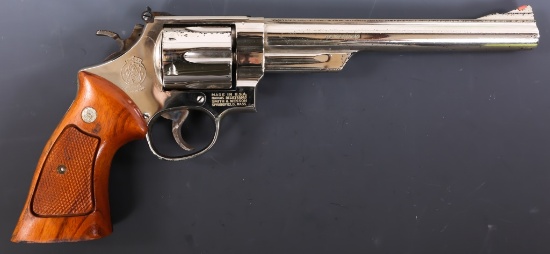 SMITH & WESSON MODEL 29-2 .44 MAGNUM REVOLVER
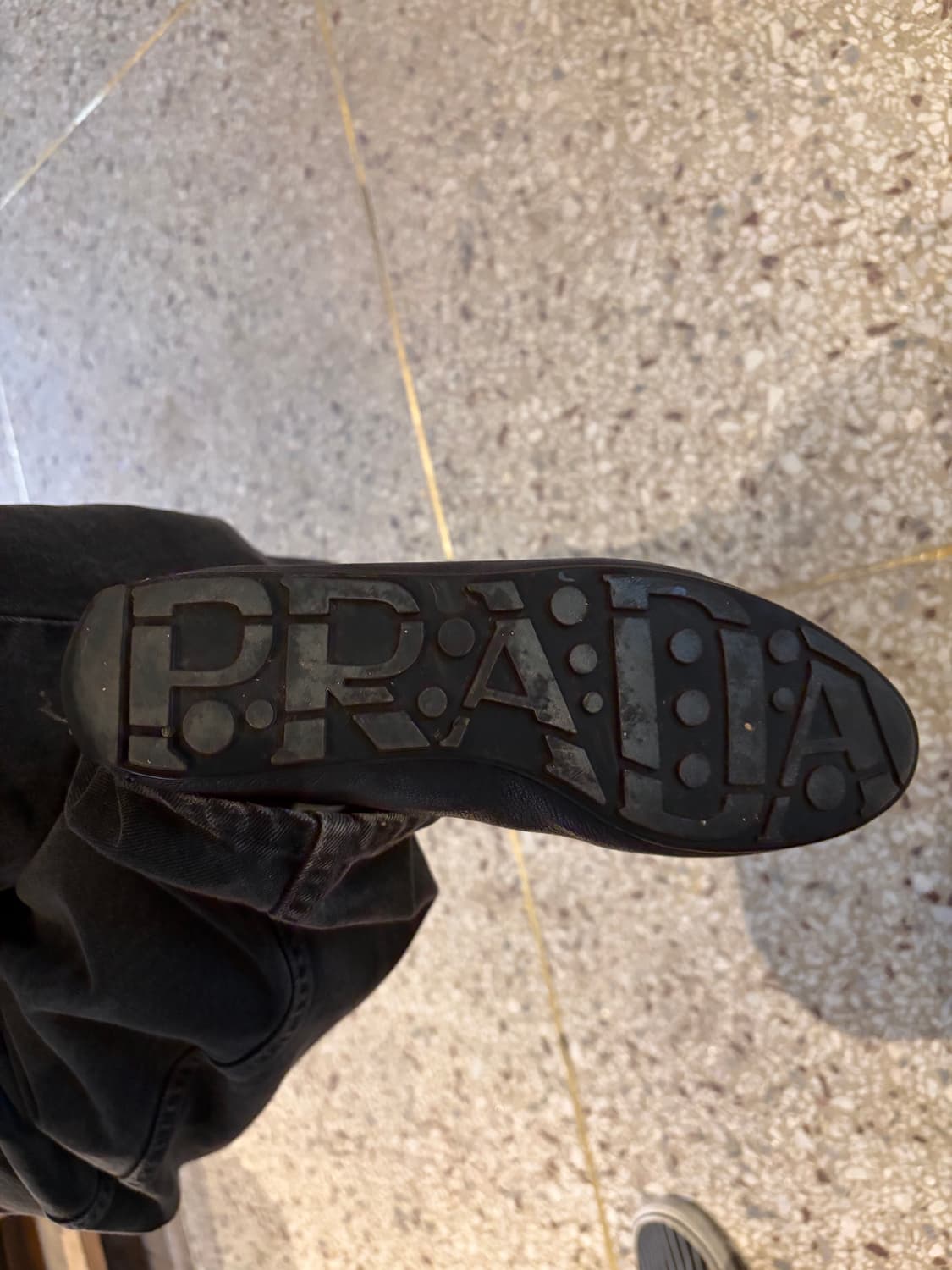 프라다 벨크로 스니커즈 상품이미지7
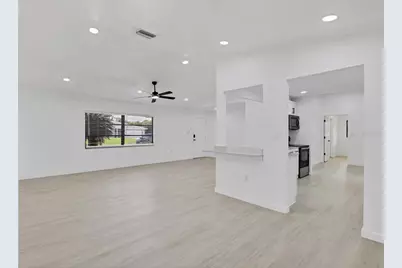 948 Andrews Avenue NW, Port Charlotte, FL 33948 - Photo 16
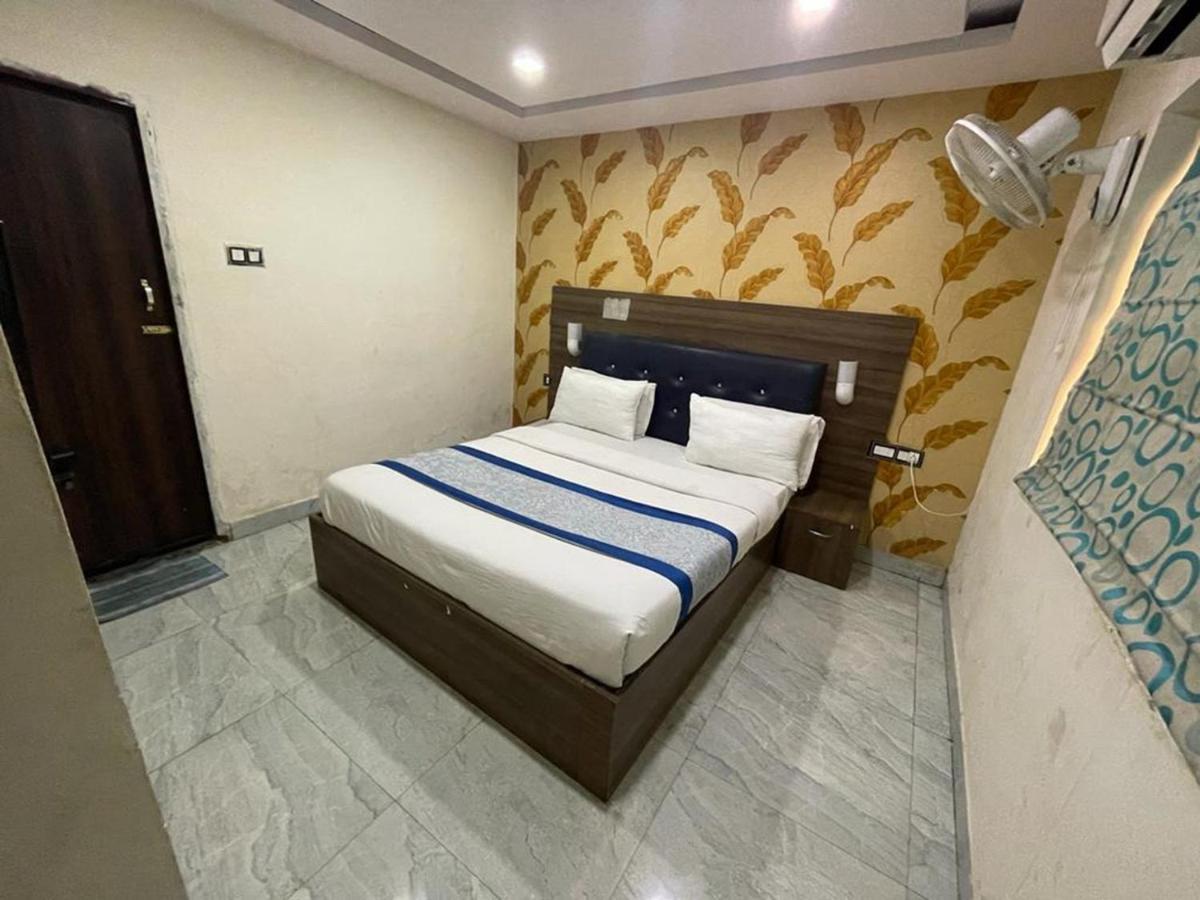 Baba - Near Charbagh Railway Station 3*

> **WHAT THE TASK REQUIRES**
Your task is to write out, exactly and without pictures, only the lines from the one holding "프라다 벨크로 스니커즈 상품이미지7" to the last line of the data.

> **ANSWER BELOW**
 프라다 벨크로 스니커즈 상품이미지7
 948 Andrews Avenue NW, Port Charlotte, FL 33948 - Photo 16
 Baba - Near Charbagh Railway Station 3*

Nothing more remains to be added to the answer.